The fall semester of my senior year, when I gave up trying to keep the Sabbath, one of my professors introduced me to an insightful passage in Josef Pieper’s A Brief Reader on the Virtues of the Human Heart. Pieper’s insights helped me to realize how keeping the Sabbath is important.
We are busy, and many of us have “hyper-attention” and do too much such that we do not tend to contemplate or to concentrate. Instead of caring for our souls, we complete our tasks. Many of us allow meaningful exercises fall away, such as writing poetry, going to yoga class, journaling, sketching, pausing over poetry, or going on walks. Many of us multi-task among digital or physical worlds—listening to music while reading, checking Facebook or E-mail while writing an essay, eating while doing homework, texting while walking to class or during any interim moment of waiting.
Pieper instructed me not to hyper-attend to the many sensory stimuli around me, but rather to practice the “asceticism of perception.” This practice means periodically abstaining from sense stimuli in order to moderate the quality and quantity of stimuli we sense, especially in order to keep ourselves from being persons who take in stimuli merely for the sake of sensationalism rather than for perception and understanding. This insight could help those of us who feel driven by many tasks.
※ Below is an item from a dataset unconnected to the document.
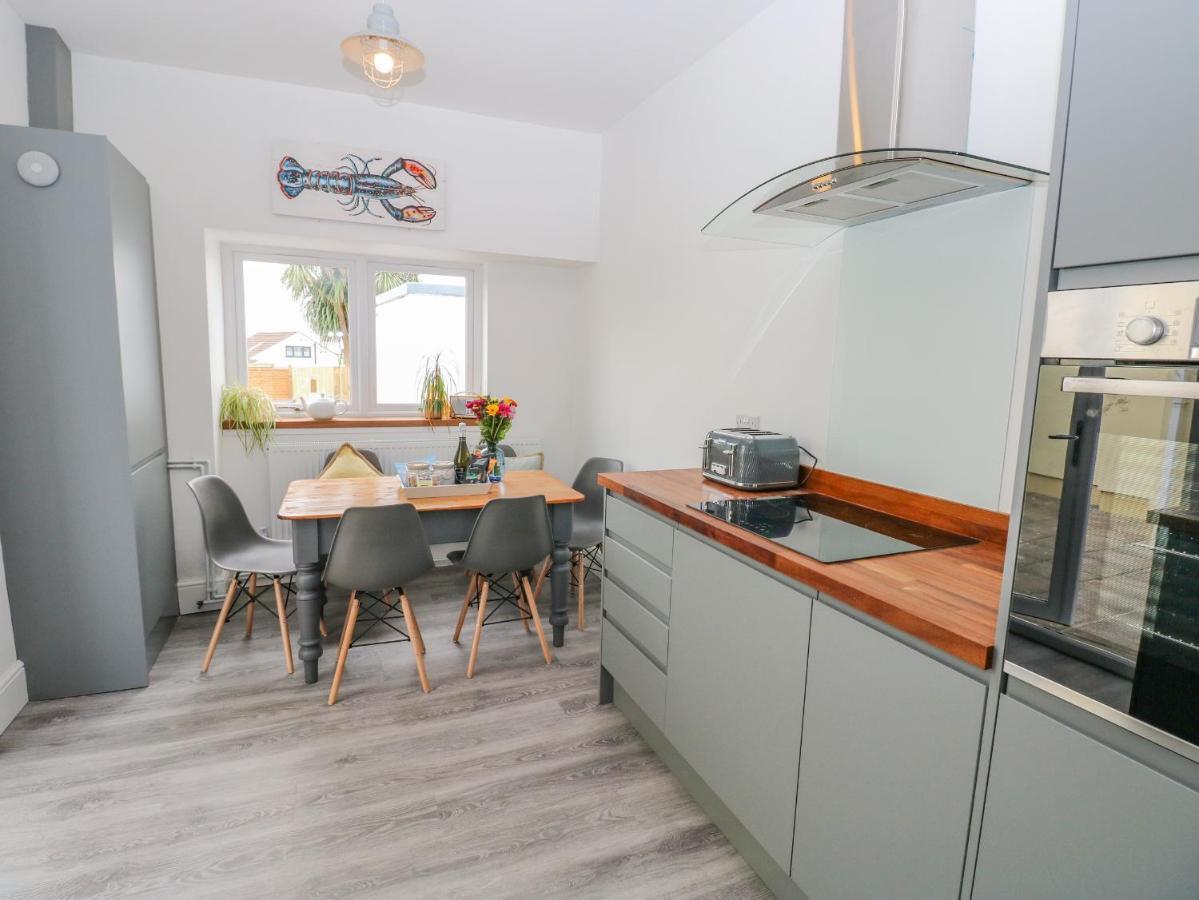 54 Pencoed Road Villa Burry Port Buitenkant foto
Pieper illustrates the problem of taking in senses for the sake of curiosity and sensationalism — seeing just to see rather than to “perceive reality.” This can cause us to create a false reality. For instance, when I watch a video, flip through a magazine, or walk through a shopping mall, a deluge of images and sounds say how my life could be and that if it were so, it would be better. These images and sounds can create a false reality — a simulacrum — of what life could and should be, such that I no longer perceive how reality truly is. I don’t see the goodness and worth of my Ugg boots when I could wear Anne Klein fashion boots.
As Pieper writes, “This disorder [of consuming too many vain sights and sounds] obstructs the original power of man to perceive reality.” Pieper suggests that instead, we should close ourselves from our senses — not constantly, but periodically — in order to “attain reality and truth.” Practicing “asceticism of perception” could allow us “to perceive the reality of God and of creation and to shape [ourselves] and the world by the truth that discloses itself only in silence.” When one closes oneself to “empty sights and sounds,” one can better know God by perceiving who He really is.
This has encouraged me not to do homework on Sundays. There are other ways we can fast from vain sights and sounds. For instance, we could ruminate over a poem, run outside without headphones, journal or write imaginatively, meditate on God’s Word to us, pray, fast from food or bad habits, or contact someone who has been on our mind. These are ways we can moderate the senses we consume and to listen to God. Most of us will always have tasks to do, but we need to learn to discipline ourselves to set them aside in order to perceive the reality of God and of His creation.